The Moral Responsibility of Modern Man

©2016 13 Seiten

Zusammenfassung

In Zeiten, als man noch im Kampf gegen autoritäre Bevormundungen die Wertfreiheit proklamierte und ethische Überlegungen im öffentlichen Raum wenig zu suchen hatten, sprach Fromm von der „moralischen Verantwortung des modernen Menschen“. Jedes Handeln, Urteilen und Entscheiden ist wertorientiert, und das Subjekt wird immer auch von gesellschaftlichen Werthaltungen bestimmt. Dass diese Haltungen „Tugenden“ und „Laster“ genannt werden, mag für manchen moralisierend und antiquiert klingen. Fromm stellt sich bewusst in die Tradition der Tugendlehre von Aristoteles, Thomas von Aquin und Spinoza, allerdings ist seine Perspektive sozialpsychologisch und klinisch. Auch interessiert Fromm weniger, was Menschen an ethischen Werten zu leben vorgeben, als vielmehr, was sie auf Grund ihrer meist unbewussten Antriebskräfte faktisch verfolgen und praktizieren. Auch sechzig Jahre nach seiner Entstehung ein erhellender Beitrag!

Leseprobe

Inhaltsverzeichnis


Die moralische Verantwortung des modernen Menschen

(The Moral Responsibility of Modern Man)

Erich Fromm
(1958d)

Als E-Book herausgegeben und kommentiert von Rainer Funk[1]
Aus dem Amerikanischen von Liselotte und Ernst Mickel.

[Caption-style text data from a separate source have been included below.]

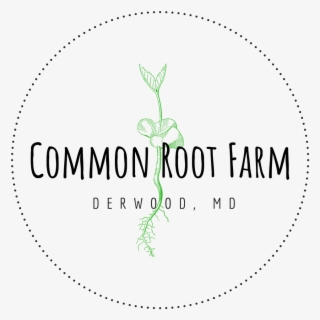 Logo Small Print Format=1500w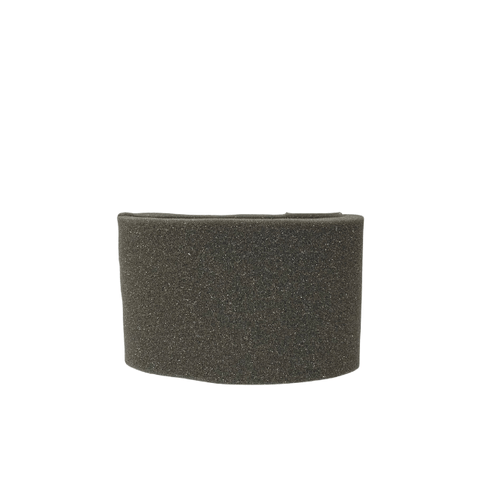 Filtro De Ar XR 200 / XLR 125 / NX 200 - Importado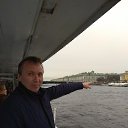 ���� ������, ������� �������� - ��������� 1 ���� 2018 � ������ ���� ����������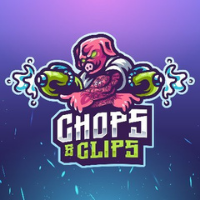 Chops & Clips twitter account alert restock drop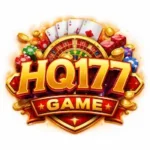 HQ177 Game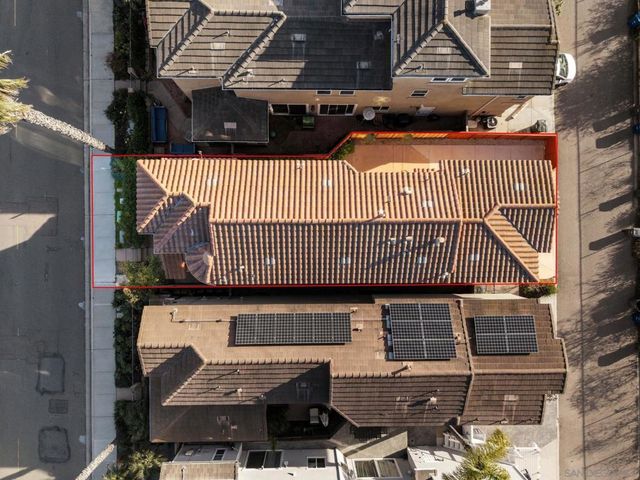 417 N Cedros Ave, Solana Beach, CA 92075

Erstveröffentlichung unter dem Titel The Moral Responsibility of Modern Man in: Merrill-Palmer Quarterly of Behavior and Development, Detroit 5 (1958) S. 3-14; die von Liselotte und Ernst Mickel besorgte erste deutsche Übersetzung wurde in der Erich Fromm Gesamtausgabe in zehn Bänden, Stuttgart (Deutsche Verlags-Anstalt) 1981, GA IX, S. 319-330, veröffentlicht.

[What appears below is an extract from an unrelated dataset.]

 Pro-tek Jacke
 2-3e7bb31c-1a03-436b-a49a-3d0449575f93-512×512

Die E-Book-Ausgabe orientiert sich an der von Rainer Funk herausgegebenen und kommentierten Textfassung in der Erich Fromm Gesamtausgabe in zwölf Bänden, München (Deutsche Verlags-Anstalt und Deutscher Taschenbuch Verlag) 1999, GA IX, S. 319-330.

Die Zahlen in [eckigen Klammern] geben die Seitenwechsel in der Erich Fromm Gesamtausgabe in zwölf Bänden wieder.

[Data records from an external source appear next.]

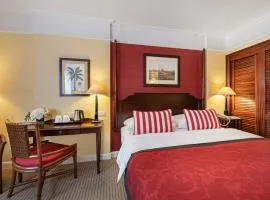 Kipling Manotel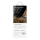 Ремешок Uniq для Apple Watch 49/45/44/42 mm Revix реверсивный магнитный Серый/Белый - баннер 4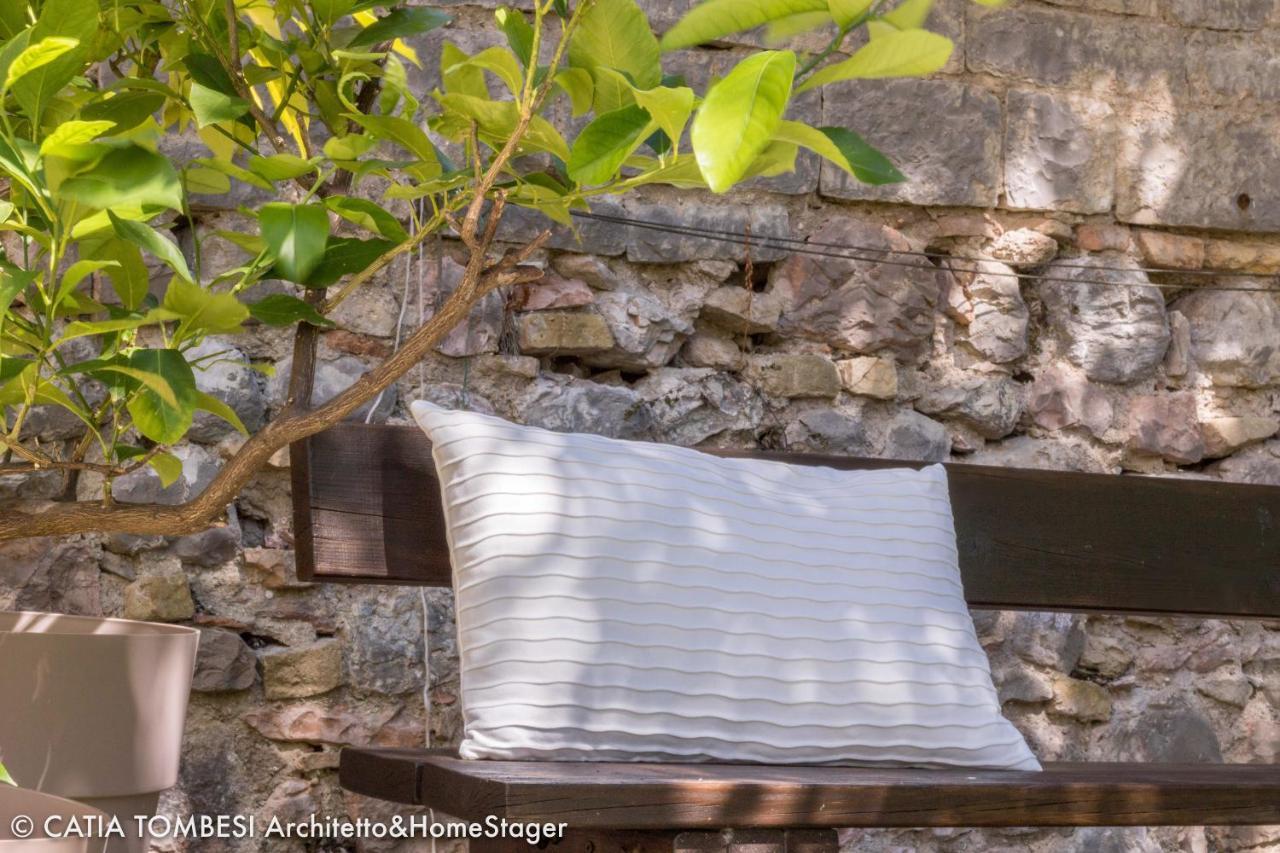 B&B Relais Druda Cagli Extérieur photo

Copyright © 1958 by Erich Fromm; Copyright © als E-Book 2016 by The Estate of Erich Fromm. Copyright © Edition Erich Fromm 2016 by Rainer Funk.

Wenn ich über die moralische Verantwortung bzw. über das ethische Problem des modernen Menschen spreche, dann möchte ich von vornherein ein Missverständnis ausschließen: Das gegenwärtige intellektuelle Klima ist von einem Relativismus in der Ethik gekennzeichnet. Im allgemeinen wird die Auffassung vertreten, Werte besäßen nur deshalb Gültigkeit, weil sie innerhalb einer bestimmten Kultur von der Gesellschaft akzeptiert werden. Die Normen des Kopfjägers erfüllen ihren Zweck bei den Kopfjägern, und das Gesetz der Nächstenliebe erfüllt seinen Zweck bei den Kulturen, die diese Norm akzeptiert haben. Die meisten Sozialwissenschaftler vertreten den Standpunkt, dass Werte und Normen keine allgemeine, objektive, universale Gültigkeit besitzen. Wenn ich nun hier über das ethische Problem des modernen Menschen spreche, könnte das so klingen, als ob ich diese Einstellung teilte. Das ist aber keineswegs der Fall. Ich bin ganz im Gegenteil davon überzeugt, dass es gewisse Grundnormen und -werte für das Leben gibt, die vor Tausenden von Jahren von allen großen geistigen Führern der Menschheit mit einer bemerkenswerten Übereinstimmung erkannt wurden, obgleich diese untereinander keinen Kontakt hatten. Diese Werte besitzen für alle Menschen Gültigkeit und sind in der Natur des Menschen selbst, in den Bedingungen seiner Existenz begründet. Dies setzt natürlich die Annahme voraus, dass es so etwas wie den Menschen überhaupt gibt, nicht nur – wovon wir alle überzeugt sind – im physiologischen oder anatomischen Sinne, sondern auch im geistigen und psychologischen. Wir können also von einer Natur, von einem Wesen des Menschen als von einer definierbaren und nachweisbaren Größe sprechen.[2] Dies ist eine weitere Annahme, von der ich fürchte, dass sie nicht von den meisten heutigen Sozialwissenschaftlern geteilt wird.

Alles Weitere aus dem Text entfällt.